I was disappointed and disheartened to see or hear no public statement from USFA after the recent reports of at least two of our members having been singled out for unusual attention going through U.S. Customs when returning from fencing-related international travel. Perhaps, I thought, there was a statement being worked on, to be posted to the USFA website. Or, failing that, maybe there would be a formal motion or resolution to come out of the February meeting of the Board of Directors.

When the agenda for that meeting was posted today, I therefore read through it in search of such a resolution or proposal, and the only item I could find even plausibly related to this issue is Mr. Alperstein’s motion in the Good & Welfare portion of the agenda:

“RESOLVED: USA Fencing remains committed to the principles of diversity, inclusion and openness, and reaffirms that it welcomes and embraces members and participants without regard to ethnicity, religion or national origin. In furtherance of these values, USA Fencing reiterates is commitment to pluralism and its opposition to any practices, policies, rules or laws that discriminate against or stigmatize individuals or groups, that mark them for special treatment, or that deny them the full enjoyment of liberty, opportunity and equality on the basis of superficial or pretextual criteria.”

This statement is, to be blunt, a “Miss America contestant” statement—one that uses a lot of pretty words to say virtually nothing. Is it intended as a statement of support for those USFA members and others who have experienced unusual attention when traveling internationally? How can we tell?

To fail to take a strong public stand against policies and procedures that have already affected at least two well-known USFA members and may yet affect others is to implicitly approve such actions. While I understand the desire to avoid making a public fuss, this is exactly the sort of situation which requires a public fuss. That two United States citizens could be pulled aside on what can only be interpreted as the basis of race, religion, or culture is chilling. That effect can only be more threatening to those of our members who are legal residents, but not yet citizens.

A significant number of the referees and other officials the USFA depends on to staff our domestic tournaments and serve as part of international team cadres are immigrants and permanent residents. Impingements on their freedom to travel on our behalf have the potential to discourage their service and hamper our operations. Were such incidents to continue or increase, we could also expect to see fewer international competitors and officials willing to travel to the United States, and might find our ability to win bids to host World Cups, Championships, and even the Olympic Games compromised.

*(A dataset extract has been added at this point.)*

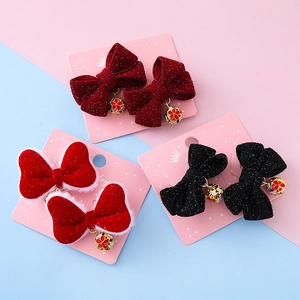 Three pairs of festive red bow hair clips with golden floral bell pendants on a card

Beyond any practical potential effects of these troubling incidents is the simple fact that what happened to Ibti and Abdel was simply wrong. Like that of the United States itself, the history of the United States Fencing Association is not free of policies and periods of which it now has reason to be ashamed. Do not allow these incidents to join that part of our history. Do not allow these incidents to pass without notice or protest.

I urge you to strengthen the language of this motion to make clear that it is meant to specifically address threats to our members’ ability to travel freely, and then to approve it and urge other sports NGBs, as well as the USOC, to take similar strong public stands. I also recommend that the USFA provide appropriate information about travel rights and contacts for legal representation to any and all who travel internationally on the USFA’s behalf.